#### MATERIAL PROVIDED ####

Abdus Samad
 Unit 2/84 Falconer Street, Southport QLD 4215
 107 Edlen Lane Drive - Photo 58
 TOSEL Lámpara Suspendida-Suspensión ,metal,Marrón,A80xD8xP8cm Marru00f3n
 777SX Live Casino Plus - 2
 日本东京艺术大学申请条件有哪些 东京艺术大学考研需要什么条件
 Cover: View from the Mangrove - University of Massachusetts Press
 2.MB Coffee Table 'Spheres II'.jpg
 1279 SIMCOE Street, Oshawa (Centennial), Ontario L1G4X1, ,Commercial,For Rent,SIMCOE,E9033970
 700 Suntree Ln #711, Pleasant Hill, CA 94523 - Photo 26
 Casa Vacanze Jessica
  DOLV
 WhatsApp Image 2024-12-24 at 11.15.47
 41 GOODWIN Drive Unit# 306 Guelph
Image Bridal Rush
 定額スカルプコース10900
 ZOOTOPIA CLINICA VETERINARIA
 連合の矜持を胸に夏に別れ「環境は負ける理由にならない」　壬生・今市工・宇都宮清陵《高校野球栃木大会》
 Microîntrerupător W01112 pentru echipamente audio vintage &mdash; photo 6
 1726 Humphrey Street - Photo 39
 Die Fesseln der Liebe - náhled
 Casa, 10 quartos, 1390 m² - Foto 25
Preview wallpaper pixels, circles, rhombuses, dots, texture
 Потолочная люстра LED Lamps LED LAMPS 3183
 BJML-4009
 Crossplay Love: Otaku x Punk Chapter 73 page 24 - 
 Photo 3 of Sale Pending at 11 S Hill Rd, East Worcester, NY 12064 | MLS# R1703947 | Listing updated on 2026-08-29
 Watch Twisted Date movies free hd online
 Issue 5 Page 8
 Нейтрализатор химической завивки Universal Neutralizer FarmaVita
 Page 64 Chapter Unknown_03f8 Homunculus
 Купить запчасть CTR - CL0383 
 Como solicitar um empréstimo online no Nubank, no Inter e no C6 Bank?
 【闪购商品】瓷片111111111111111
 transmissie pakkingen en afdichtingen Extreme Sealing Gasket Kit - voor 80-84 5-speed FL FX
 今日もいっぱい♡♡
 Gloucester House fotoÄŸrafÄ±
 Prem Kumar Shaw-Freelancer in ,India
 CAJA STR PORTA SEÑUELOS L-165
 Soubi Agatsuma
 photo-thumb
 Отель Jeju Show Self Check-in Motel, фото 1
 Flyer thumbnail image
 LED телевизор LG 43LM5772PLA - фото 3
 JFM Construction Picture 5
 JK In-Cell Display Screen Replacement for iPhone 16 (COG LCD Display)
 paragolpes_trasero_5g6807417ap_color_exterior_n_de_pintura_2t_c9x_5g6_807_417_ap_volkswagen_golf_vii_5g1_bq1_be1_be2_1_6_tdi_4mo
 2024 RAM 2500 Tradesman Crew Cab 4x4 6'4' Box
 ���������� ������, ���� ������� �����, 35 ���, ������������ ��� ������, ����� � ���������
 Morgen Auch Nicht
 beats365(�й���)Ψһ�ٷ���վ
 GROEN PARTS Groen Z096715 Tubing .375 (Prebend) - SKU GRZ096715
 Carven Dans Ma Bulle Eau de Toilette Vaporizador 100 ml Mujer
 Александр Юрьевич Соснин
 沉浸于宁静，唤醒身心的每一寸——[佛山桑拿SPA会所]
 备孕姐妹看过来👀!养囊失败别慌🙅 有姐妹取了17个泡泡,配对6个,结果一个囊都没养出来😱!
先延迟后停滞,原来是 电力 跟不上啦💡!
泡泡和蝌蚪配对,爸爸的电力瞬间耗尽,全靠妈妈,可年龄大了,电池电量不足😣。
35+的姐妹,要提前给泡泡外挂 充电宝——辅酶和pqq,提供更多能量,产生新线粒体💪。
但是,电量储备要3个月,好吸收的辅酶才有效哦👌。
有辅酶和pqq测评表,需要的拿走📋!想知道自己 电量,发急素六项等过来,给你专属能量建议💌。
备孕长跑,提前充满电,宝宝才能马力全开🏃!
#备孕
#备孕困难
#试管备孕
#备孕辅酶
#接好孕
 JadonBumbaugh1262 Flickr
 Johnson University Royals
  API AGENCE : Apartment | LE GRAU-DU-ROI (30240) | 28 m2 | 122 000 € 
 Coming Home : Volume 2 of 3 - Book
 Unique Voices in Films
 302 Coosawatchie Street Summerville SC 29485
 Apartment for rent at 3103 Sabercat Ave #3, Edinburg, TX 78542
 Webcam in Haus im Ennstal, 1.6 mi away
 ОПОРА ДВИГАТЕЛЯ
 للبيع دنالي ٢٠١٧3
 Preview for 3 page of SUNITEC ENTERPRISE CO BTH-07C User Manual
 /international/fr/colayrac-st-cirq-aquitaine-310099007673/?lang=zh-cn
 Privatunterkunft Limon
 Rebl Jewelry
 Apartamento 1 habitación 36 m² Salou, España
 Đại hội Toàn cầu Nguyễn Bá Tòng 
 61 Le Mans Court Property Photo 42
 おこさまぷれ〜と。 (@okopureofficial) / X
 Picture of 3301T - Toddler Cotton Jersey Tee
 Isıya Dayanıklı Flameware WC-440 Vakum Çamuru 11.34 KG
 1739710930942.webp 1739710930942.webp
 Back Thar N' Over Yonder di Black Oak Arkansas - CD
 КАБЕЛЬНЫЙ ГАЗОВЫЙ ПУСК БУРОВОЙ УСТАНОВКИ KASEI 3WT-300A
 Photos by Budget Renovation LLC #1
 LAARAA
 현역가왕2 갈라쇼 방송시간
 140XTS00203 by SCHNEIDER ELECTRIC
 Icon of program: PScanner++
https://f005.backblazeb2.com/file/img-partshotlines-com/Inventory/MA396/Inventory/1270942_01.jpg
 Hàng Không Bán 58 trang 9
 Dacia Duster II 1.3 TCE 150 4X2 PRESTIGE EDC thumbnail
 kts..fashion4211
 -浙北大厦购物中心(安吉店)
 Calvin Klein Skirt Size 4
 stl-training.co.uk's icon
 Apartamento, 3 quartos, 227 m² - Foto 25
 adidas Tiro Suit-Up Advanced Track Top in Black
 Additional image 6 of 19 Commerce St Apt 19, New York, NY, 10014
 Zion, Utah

####

_TASK DESCRIPTION_:
Copy word for word the stretch of entries above from the line that has "LED телевизор LG 43LM5772PLA - фото 3" through the line that has "Đại hội Toàn cầu Nguyễn Bá Tòng", both ends included, and nothing outside it.

_SOLUTION_:
 LED телевизор LG 43LM5772PLA - фото 3
 JFM Construction Picture 5
 JK In-Cell Display Screen Replacement for iPhone 16 (COG LCD Display)
 paragolpes_trasero_5g6807417ap_color_exterior_n_de_pintura_2t_c9x_5g6_807_417_ap_volkswagen_golf_vii_5g1_bq1_be1_be2_1_6_tdi_4mo
 2024 RAM 2500 Tradesman Crew Cab 4x4 6'4' Box
 ���������� ������, ���� ������� �����, 35 ���, ������������ ��� ������, ����� � ���������
 Morgen Auch Nicht
 beats365(�й���)Ψһ�ٷ���վ
 GROEN PARTS Groen Z096715 Tubing .375 (Prebend) - SKU GRZ096715
 Carven Dans Ma Bulle Eau de Toilette Vaporizador 100 ml Mujer
 Александр Юрьевич Соснин
 沉浸于宁静，唤醒身心的每一寸——[佛山桑拿SPA会所]
 备孕姐妹看过来👀!养囊失败别慌🙅 有姐妹取了17个泡泡,配对6个,结果一个囊都没养出来😱!
先延迟后停滞,原来是 电力 跟不上啦💡!
泡泡和蝌蚪配对,爸爸的电力瞬间耗尽,全靠妈妈,可年龄大了,电池电量不足😣。
35+的姐妹,要提前给泡泡外挂 充电宝——辅酶和pqq,提供更多能量,产生新线粒体💪。
但是,电量储备要3个月,好吸收的辅酶才有效哦👌。
有辅酶和pqq测评表,需要的拿走📋!想知道自己 电量,发急素六项等过来,给你专属能量建议💌。
备孕长跑,提前充满电,宝宝才能马力全开🏃!
#备孕
#备孕困难
#试管备孕
#备孕辅酶
#接好孕
 JadonBumbaugh1262 Flickr
 Johnson University Royals
  API AGENCE : Apartment | LE GRAU-DU-ROI (30240) | 28 m2 | 122 000 € 
 Coming Home : Volume 2 of 3 - Book
 Unique Voices in Films
 302 Coosawatchie Street Summerville SC 29485
 Apartment for rent at 3103 Sabercat Ave #3, Edinburg, TX 78542
 Webcam in Haus im Ennstal, 1.6 mi away
 ОПОРА ДВИГАТЕЛЯ
 للبيع دنالي ٢٠١٧3
 Preview for 3 page of SUNITEC ENTERPRISE CO BTH-07C User Manual
 /international/fr/colayrac-st-cirq-aquitaine-310099007673/?lang=zh-cn
 Privatunterkunft Limon
 Rebl Jewelry
 Apartamento 1 habitación 36 m² Salou, España
 Đại hội Toàn cầu Nguyễn Bá Tòng 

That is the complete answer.